TASK BRIEF: Within the records that follow, restate exactly the lines from the line with "Bathroom - large" down to the line with "Salón moderno con", including both. Omit the pictures.

SUPPLIED DATA:
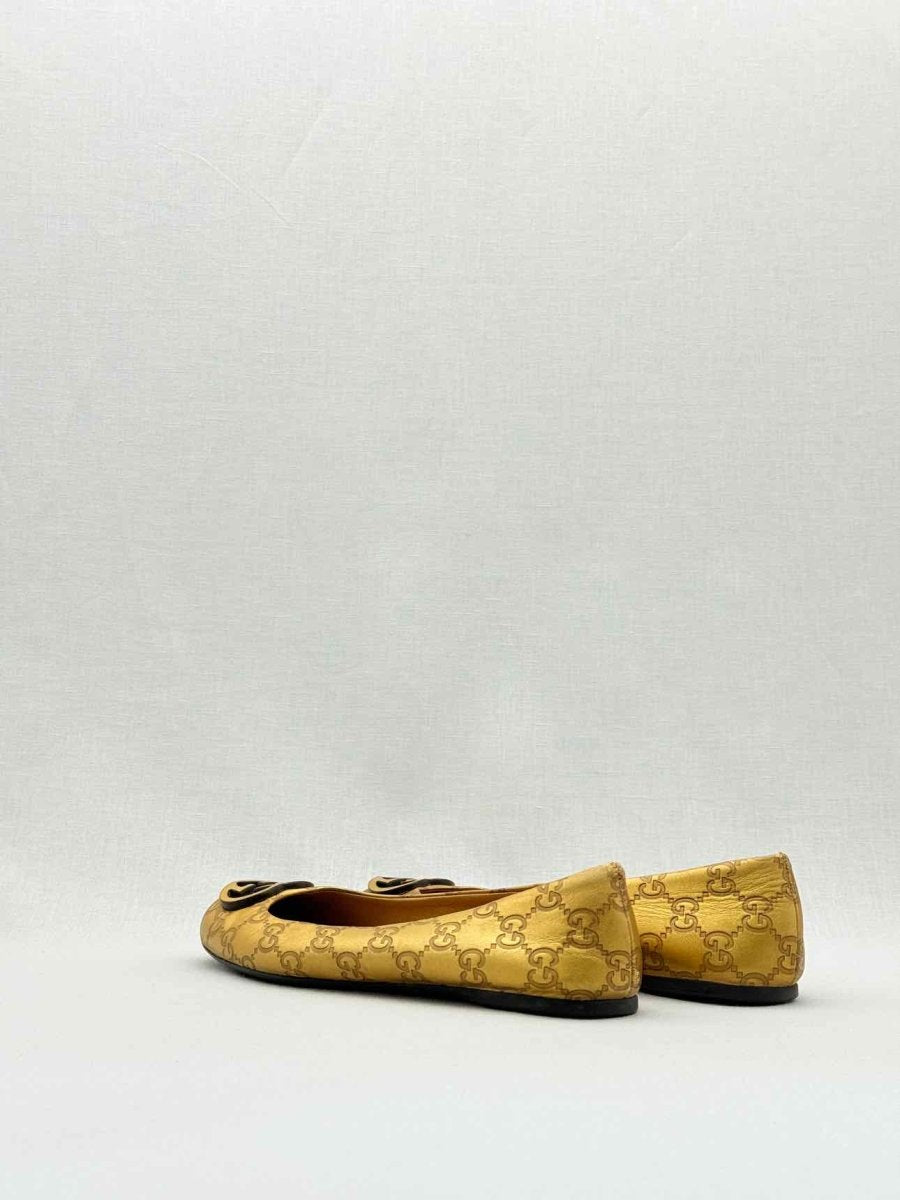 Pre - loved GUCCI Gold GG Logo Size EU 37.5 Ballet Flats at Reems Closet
...
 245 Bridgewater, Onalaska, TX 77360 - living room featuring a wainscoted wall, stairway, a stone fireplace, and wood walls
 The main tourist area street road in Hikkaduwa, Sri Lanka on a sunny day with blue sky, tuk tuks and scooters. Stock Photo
==
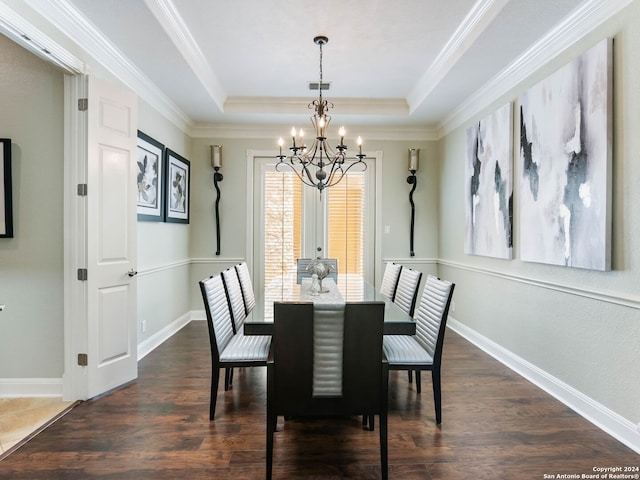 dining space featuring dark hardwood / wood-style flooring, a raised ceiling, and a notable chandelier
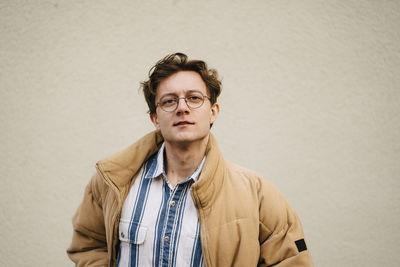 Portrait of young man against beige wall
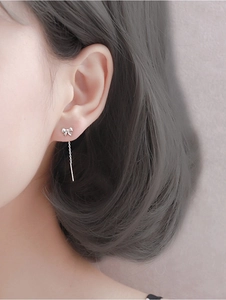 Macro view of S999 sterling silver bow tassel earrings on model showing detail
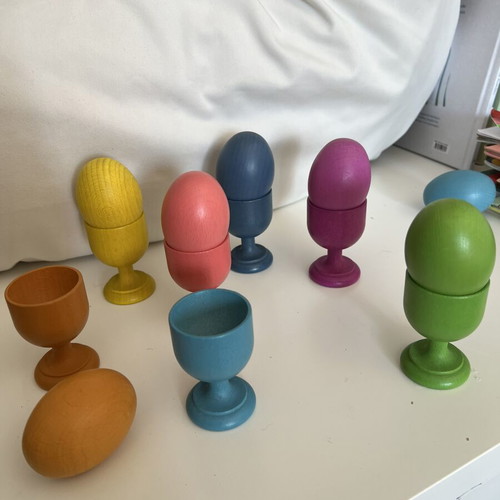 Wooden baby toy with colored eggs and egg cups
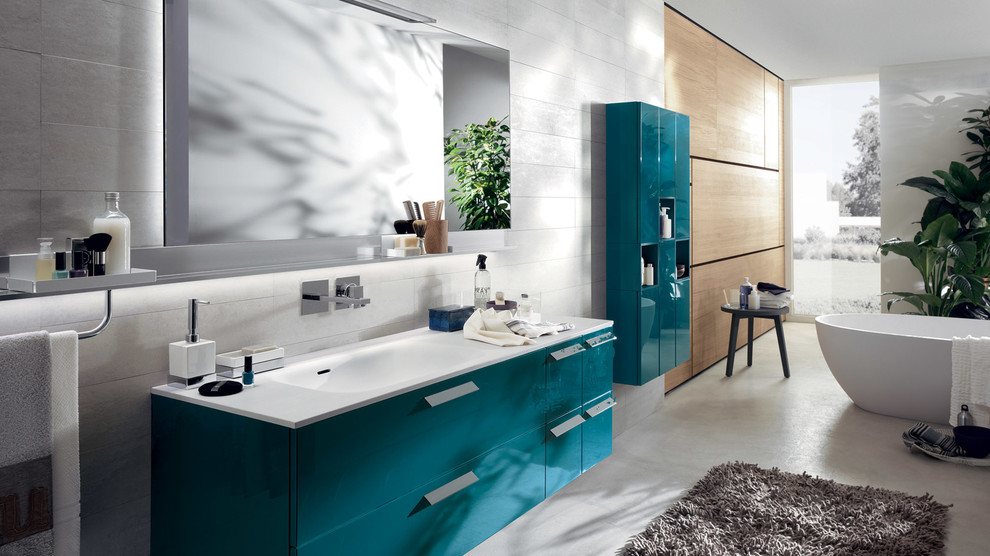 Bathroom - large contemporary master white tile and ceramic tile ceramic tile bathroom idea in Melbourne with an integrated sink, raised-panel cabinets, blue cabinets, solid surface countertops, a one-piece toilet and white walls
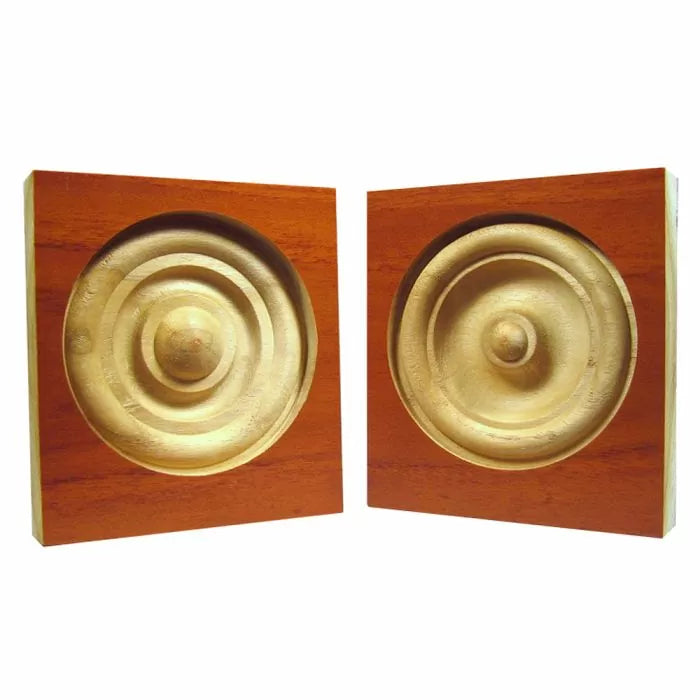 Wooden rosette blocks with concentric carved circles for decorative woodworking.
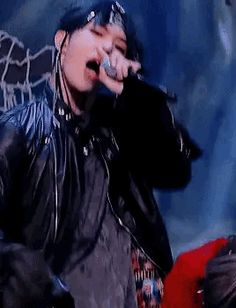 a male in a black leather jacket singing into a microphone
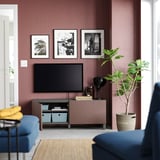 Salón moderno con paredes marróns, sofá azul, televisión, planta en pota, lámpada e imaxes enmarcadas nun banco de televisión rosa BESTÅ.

RESPONSE AREA:
 Bathroom - large contemporary master white tile and ceramic tile ceramic tile bathroom idea in Melbourne with an integrated sink, raised-panel cabinets, blue cabinets, solid surface countertops, a one-piece toilet and white walls
 Wooden rosette blocks with concentric carved circles for decorative woodworking.
 a male in a black leather jacket singing into a microphone
 Salón moderno con paredes marróns, sofá azul, televisión, planta en pota, lámpada e imaxes enmarcadas nun banco de televisión rosa BESTÅ.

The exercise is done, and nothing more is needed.